WORK REQUIRED: What you return should be only the lines in the entries below between the one holding "91家纺网 家纺一手货源 找家纺" and the one holding "Invitación de boda", ends included, with every picture left out.

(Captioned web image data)
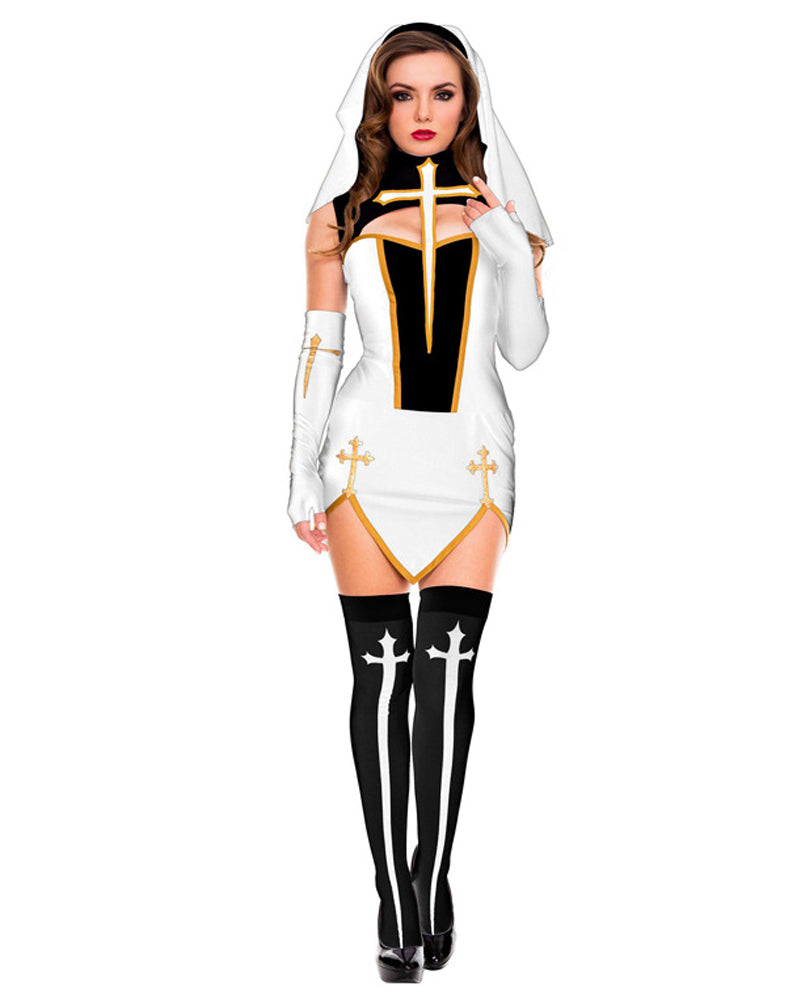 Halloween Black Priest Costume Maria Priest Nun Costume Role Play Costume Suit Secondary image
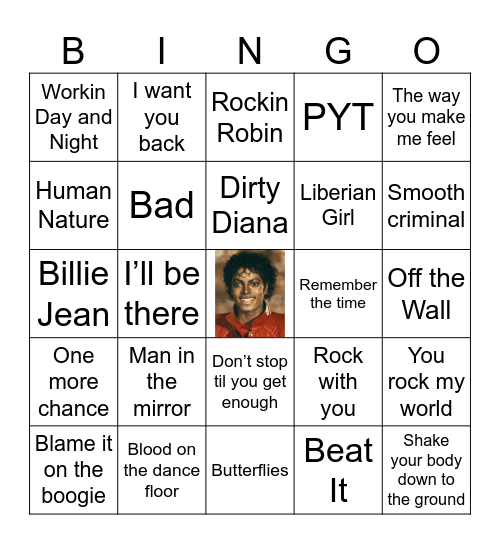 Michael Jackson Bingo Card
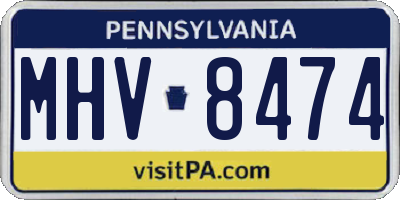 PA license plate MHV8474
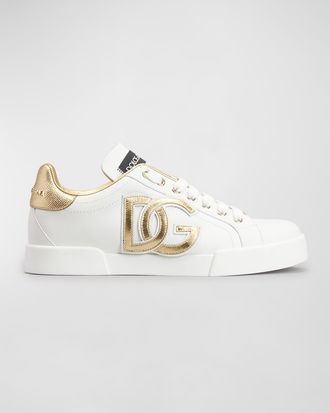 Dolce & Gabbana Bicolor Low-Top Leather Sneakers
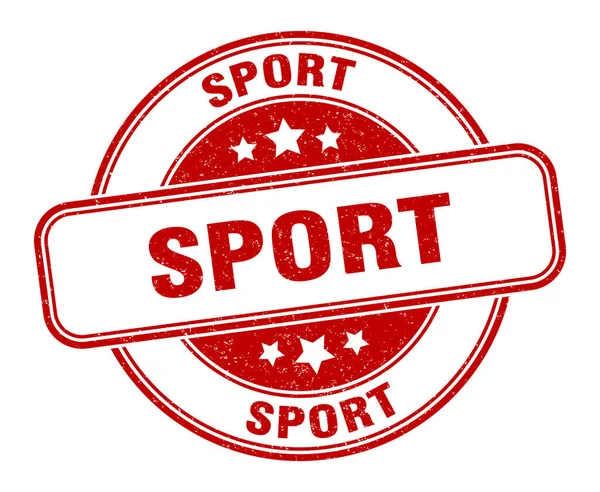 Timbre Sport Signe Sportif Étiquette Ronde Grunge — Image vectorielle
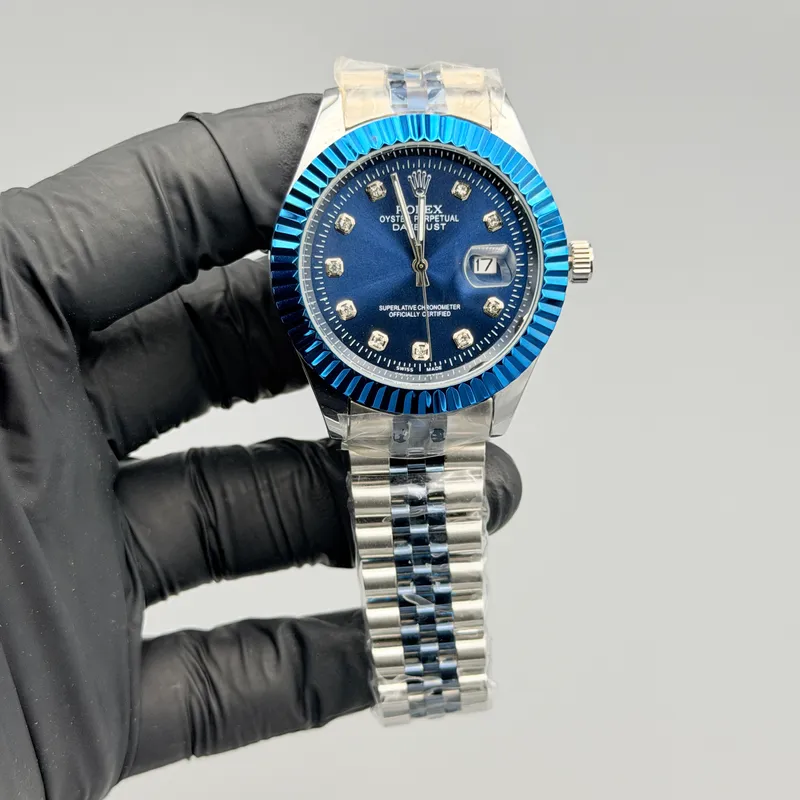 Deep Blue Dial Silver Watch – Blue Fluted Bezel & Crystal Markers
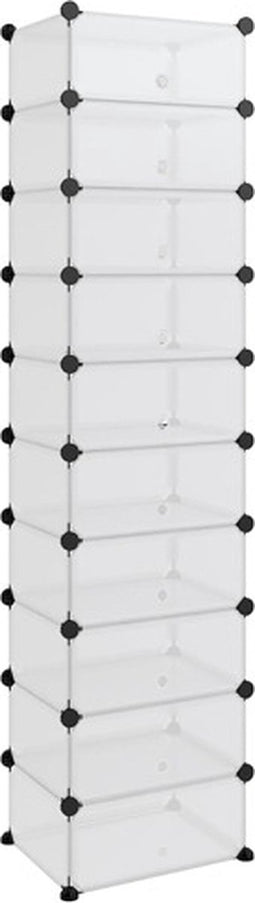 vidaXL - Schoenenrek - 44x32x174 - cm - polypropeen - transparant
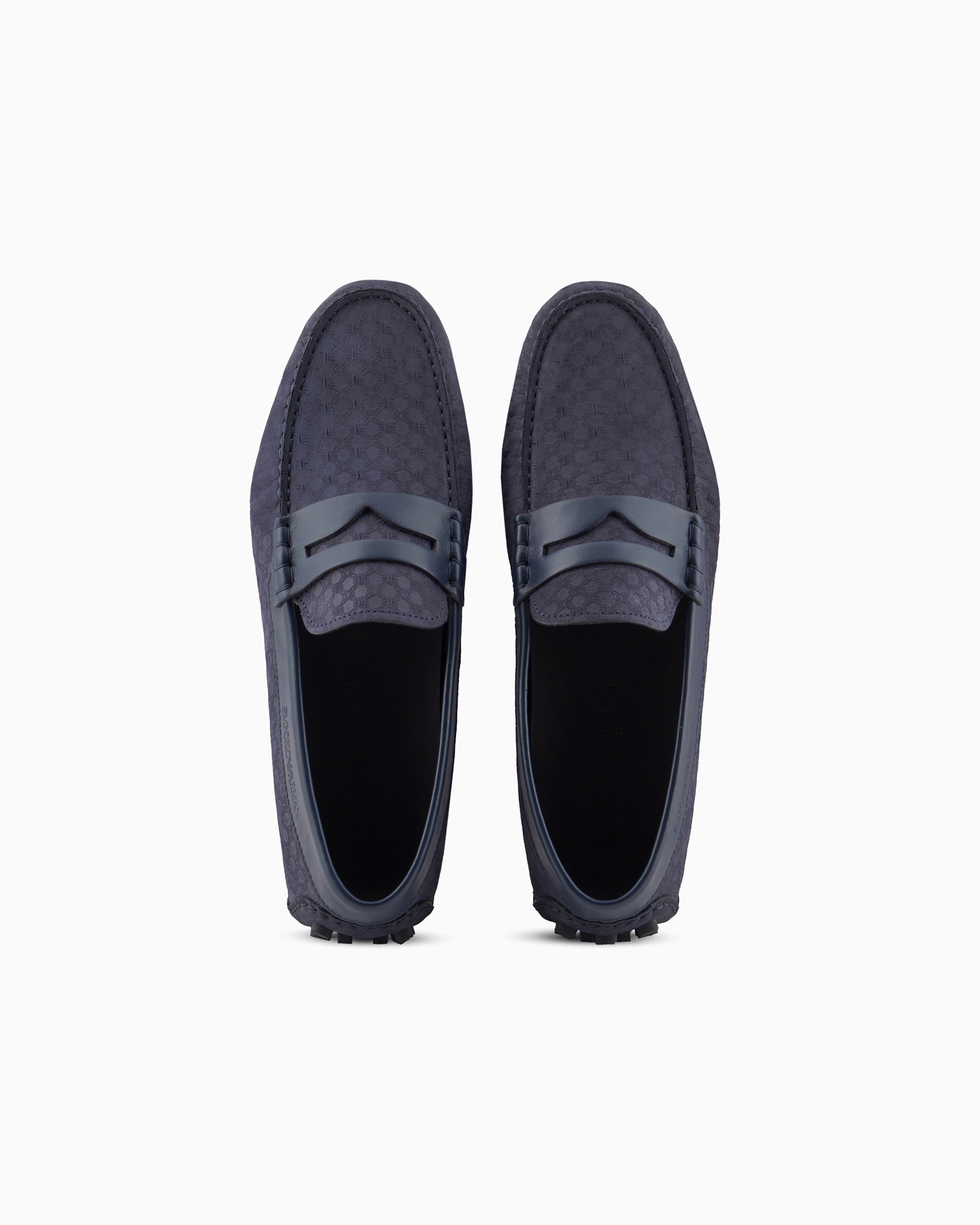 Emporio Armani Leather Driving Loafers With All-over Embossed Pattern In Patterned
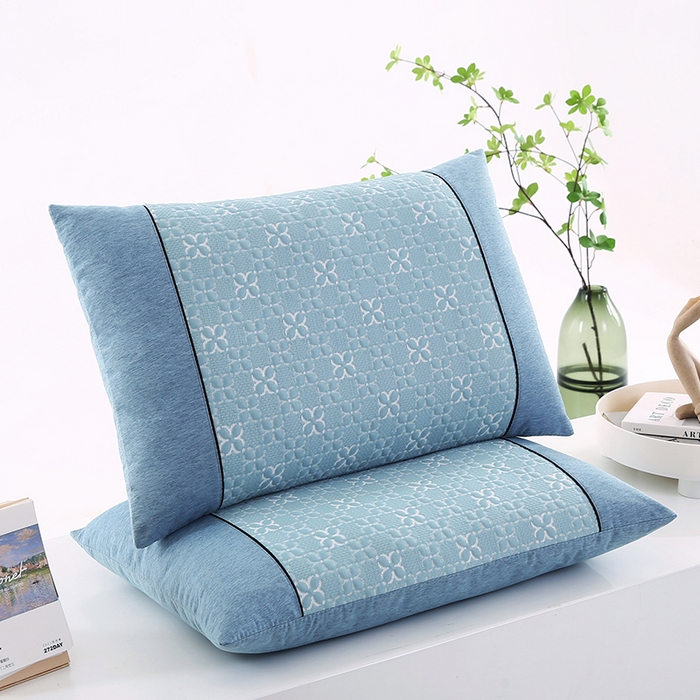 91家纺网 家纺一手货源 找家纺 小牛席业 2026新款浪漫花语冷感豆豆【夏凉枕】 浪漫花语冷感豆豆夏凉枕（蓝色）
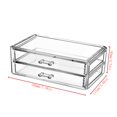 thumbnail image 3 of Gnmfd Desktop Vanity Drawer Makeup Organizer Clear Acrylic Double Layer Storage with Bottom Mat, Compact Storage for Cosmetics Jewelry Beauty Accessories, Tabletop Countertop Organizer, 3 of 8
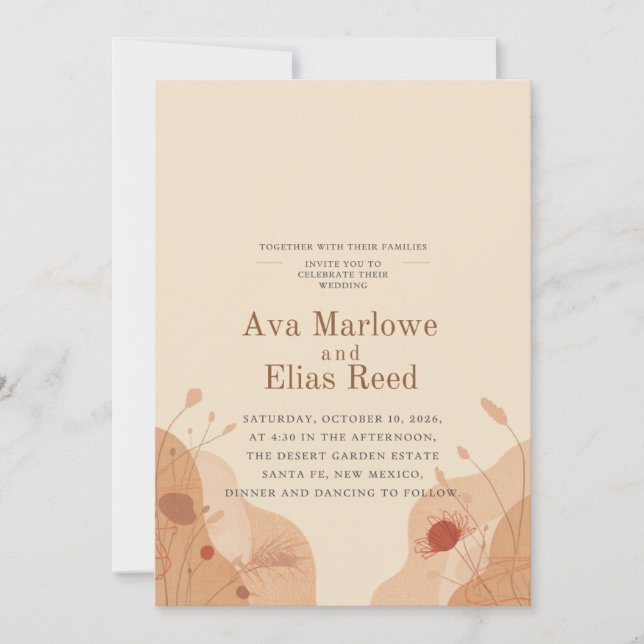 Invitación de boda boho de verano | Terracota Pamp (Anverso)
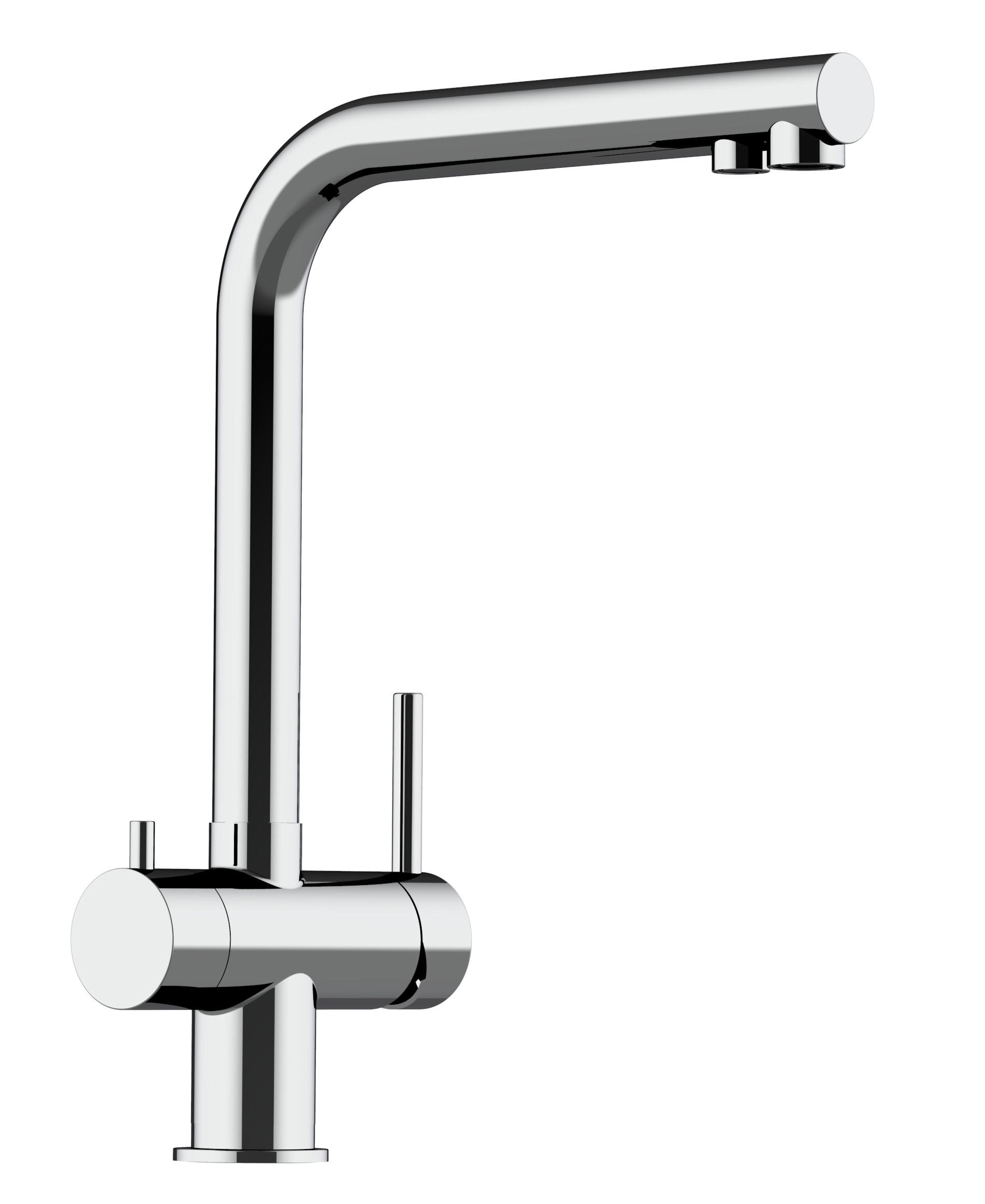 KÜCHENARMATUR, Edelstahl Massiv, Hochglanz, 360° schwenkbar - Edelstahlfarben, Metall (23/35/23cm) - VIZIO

WRITTEN RESPONSE:
 91家纺网 家纺一手货源 找家纺 小牛席业 2026新款浪漫花语冷感豆豆【夏凉枕】 浪漫花语冷感豆豆夏凉枕（蓝色）
 thumbnail image 3 of Gnmfd Desktop Vanity Drawer Makeup Organizer Clear Acrylic Double Layer Storage with Bottom Mat, Compact Storage for Cosmetics Jewelry Beauty Accessories, Tabletop Countertop Organizer, 3 of 8
 Invitación de boda boho de verano | Terracota Pamp (Anverso)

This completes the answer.